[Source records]
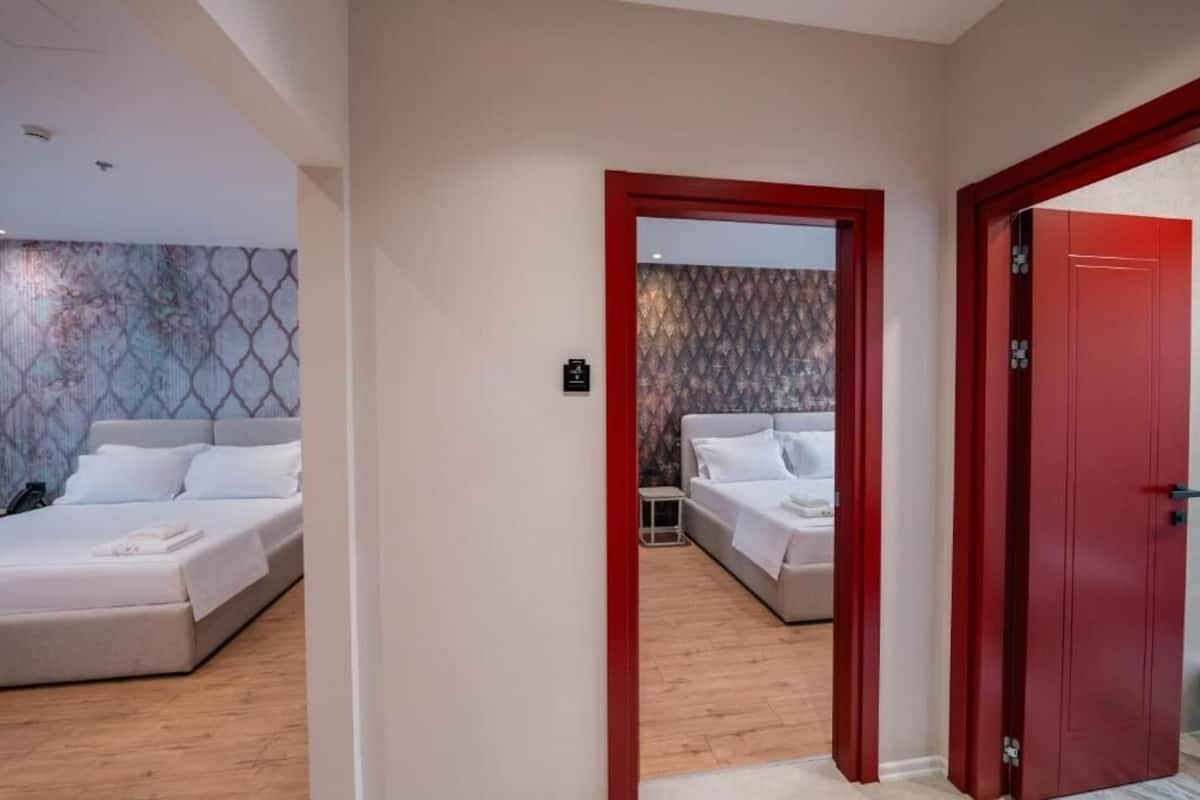 A hotel room with a bed, a bedside table, and a red door.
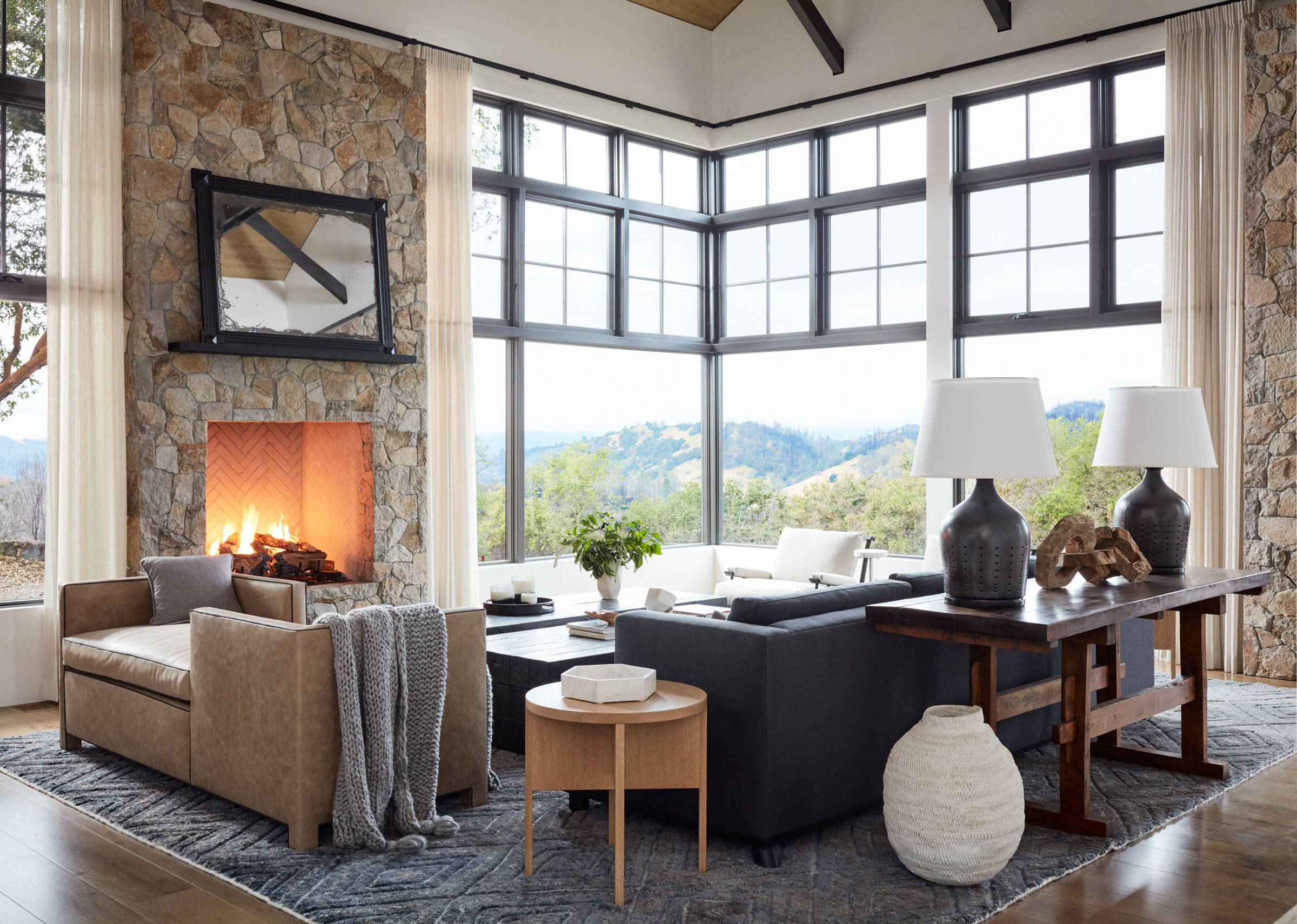 Modern farmhouse living room with stone fireplace 
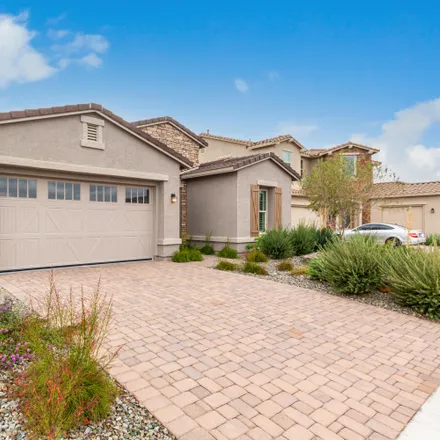 Rent this 4 bed house on 5898 North Milano Court in Maricopa County, AZ 85340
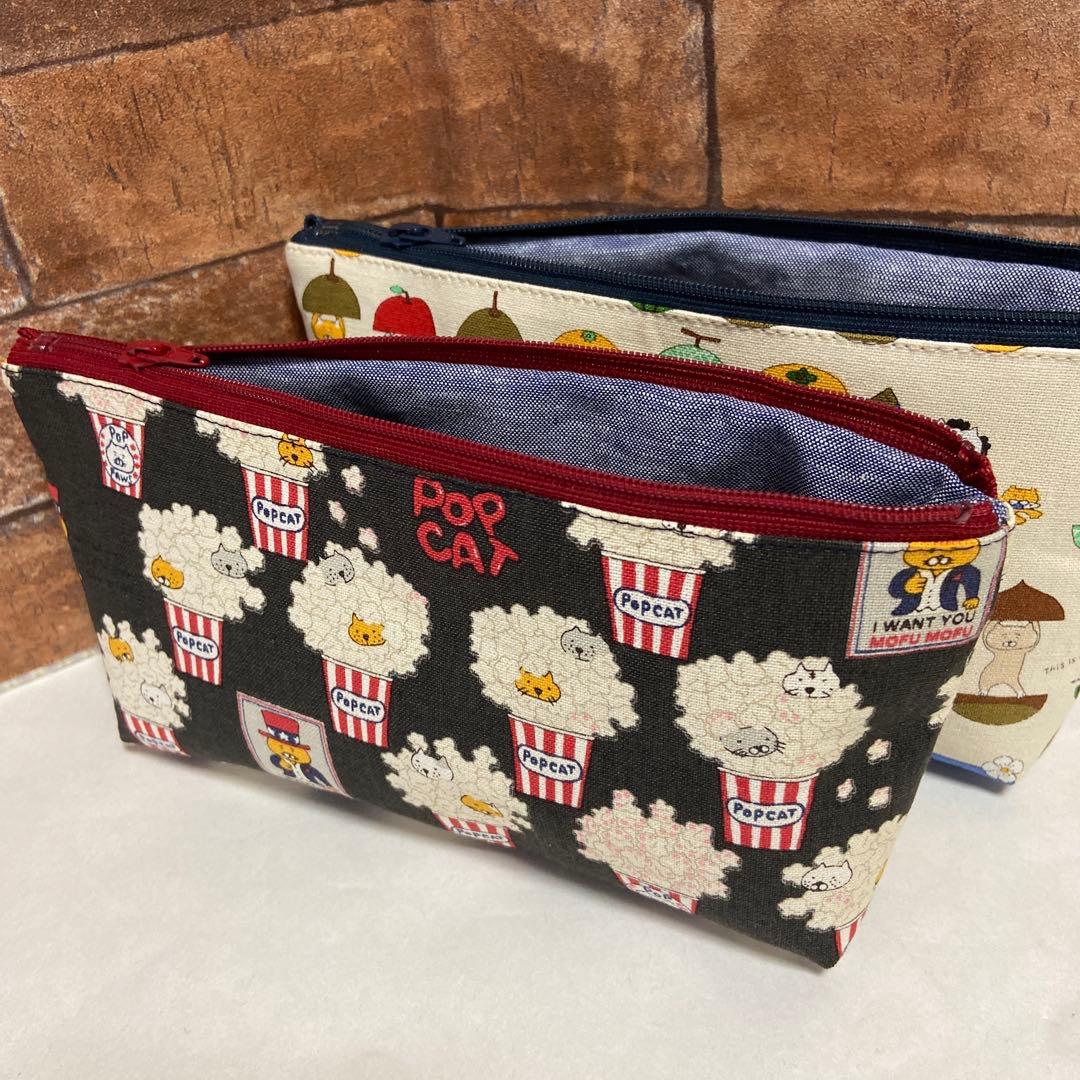 ポップコーンネコのポーチ ブラック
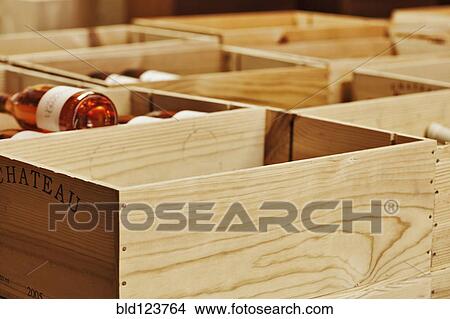 Picture - Close up of crates of wine bottles. Fotosearch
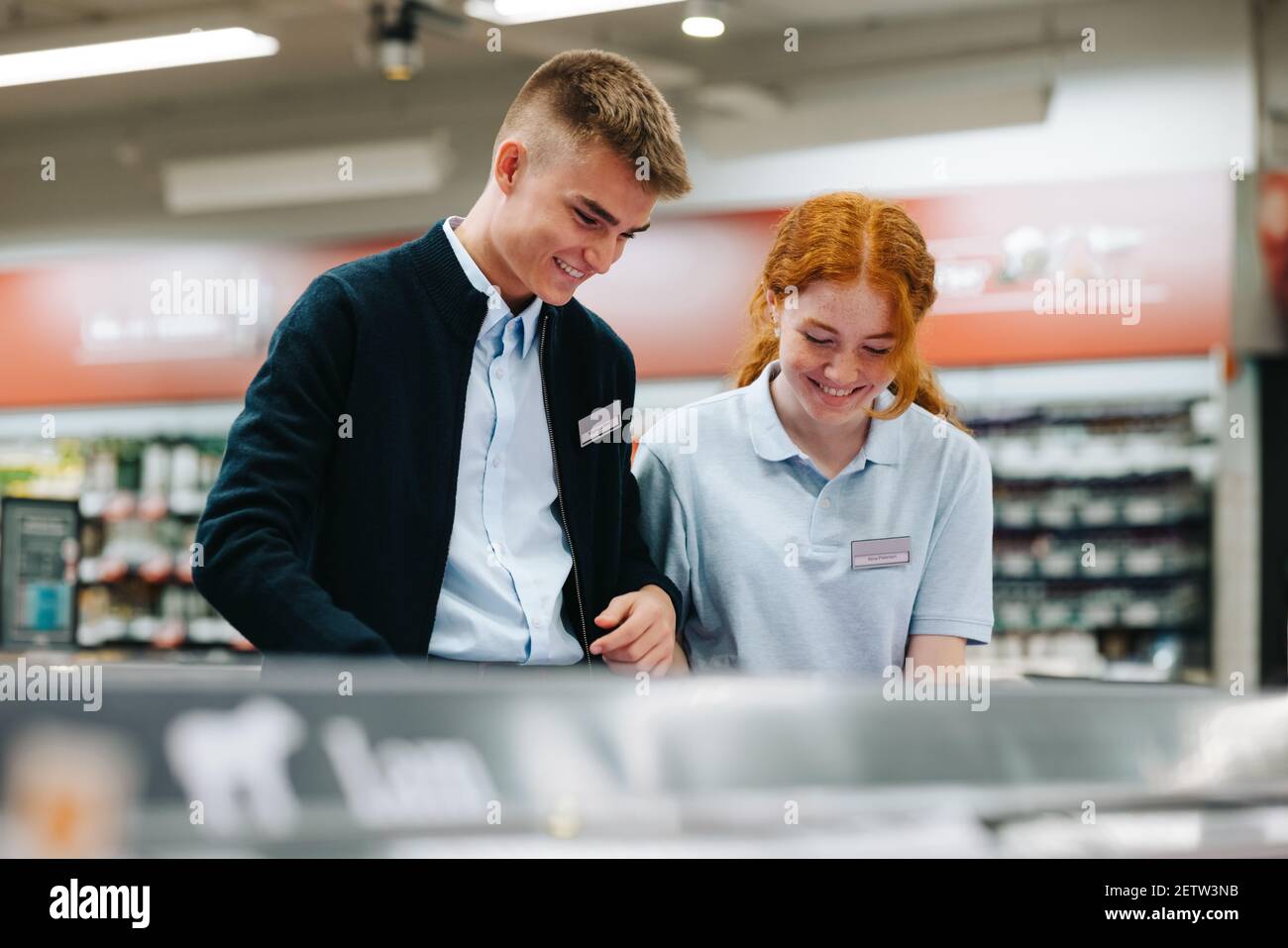 Junger Mann und Frau im Supermarkt. Auszubildende arbeiten zusammen im Lebensmittelgeschäft. Stockfoto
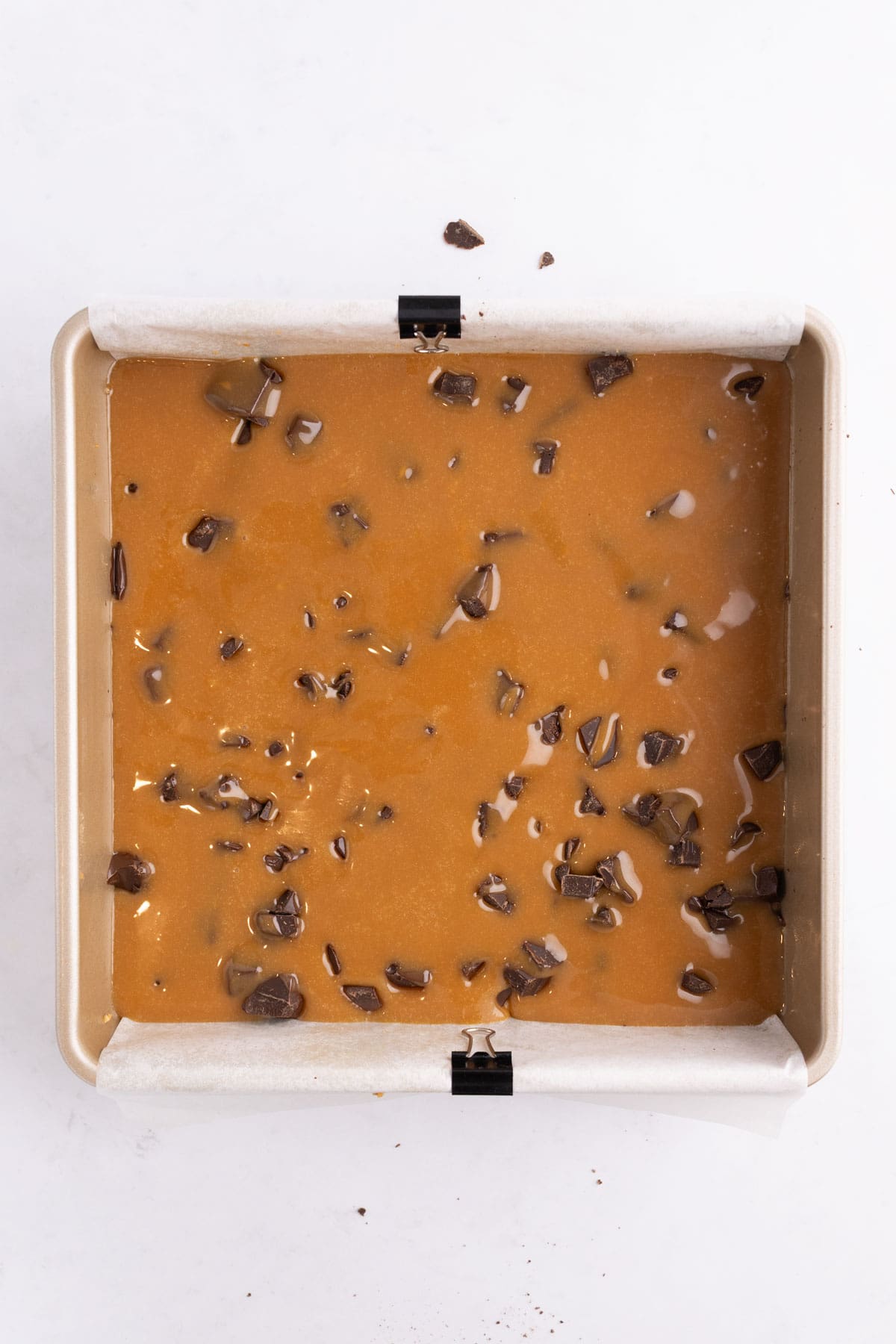 Caramel filling settled into a baking pan with chocolate chunks.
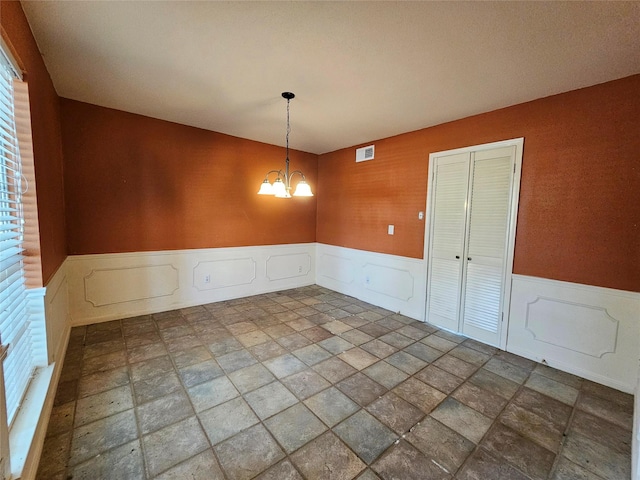 16438 Glenshannon Dr, Houston, TX 77059 - unfurnished dining area with a wainscoted wall, a chandelier, stone finish floors, and a decorative wall
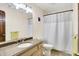 Cozy bathroom with a shower curtain, single sink vanity, and warm lighting at 5953 Deer Hollow Ct, Pittsboro, IN 46167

* _Work order_: The copy should hold exactly the lines from the one containing "16438 Glenshannon Dr, Houston, TX" through the final line of the records above, both ends included, and no picture.

* _Answer for the task_:
 16438 Glenshannon Dr, Houston, TX 77059 - unfurnished dining area with a wainscoted wall, a chandelier, stone finish floors, and a decorative wall
 Cozy bathroom with a shower curtain, single sink vanity, and warm lighting at 5953 Deer Hollow Ct, Pittsboro, IN 46167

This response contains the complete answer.